Frankly, I don't think what the professional staff wants has any bearing
on this. Somehow, I don't like the sound of the argument that goes:
"He hasn't been active, and we wanted to take him off the charter, but
the DE objected, so we left him there, and now he has to become an Eagle
Scout because we left him on the charter." While I empathize and even
sympathize with the DE's and their goals, those goals are not always
congruent with ours as leaders. When they are in conflict, you have an
OBLIGATION to act in the best interest of the Scout and the program, not
the DE. So, saying you can't do what is authorized and allowed because
the DE's don't want you to is, to me, a cop out. If you believe it is
the right thing to do, you do it. If you choose not to do it, then
don't complain about the consequences, intended or otherwise.
However, don't get me wrong. I'm not thrilled with the positions that
get taken once an appeal goes to national, but I live with it. The
solution is to make sure resolution happens long before that point.
Remember, this is NOT an adversarial process. Everyone is supposed to
be working toward the same goal, and should be on the same page.
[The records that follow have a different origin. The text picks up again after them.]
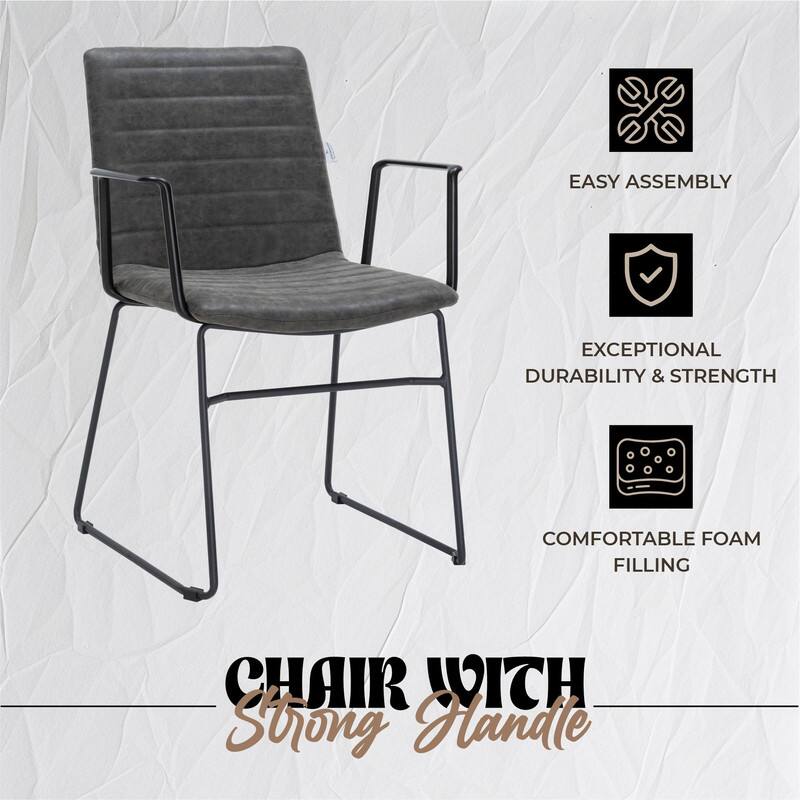 EASY ASSEMBLY  
EXCEPTIONAL DURABILITY & STRENGTH  
COMFORTABLE FOAM FILLING  

CHAIR WITH  
Strong Handle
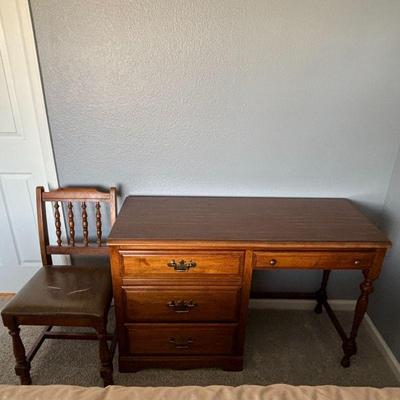 Lot #30 - Vintage Desk and Chair Set - Saybrook Maple by Dixie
Understandings should be reached, and misunderstandings resolved, LONG
before it ever reaches the confrontation/appeal stage. My position at
that point is almost always pro-Scout, unless the unit can clearly
demonstrate to me that they conveyed their dissatisfaction to the Scout,
obtained his agreement on what was necessary to correct any
deficiencies, and the Scout then failed to perform.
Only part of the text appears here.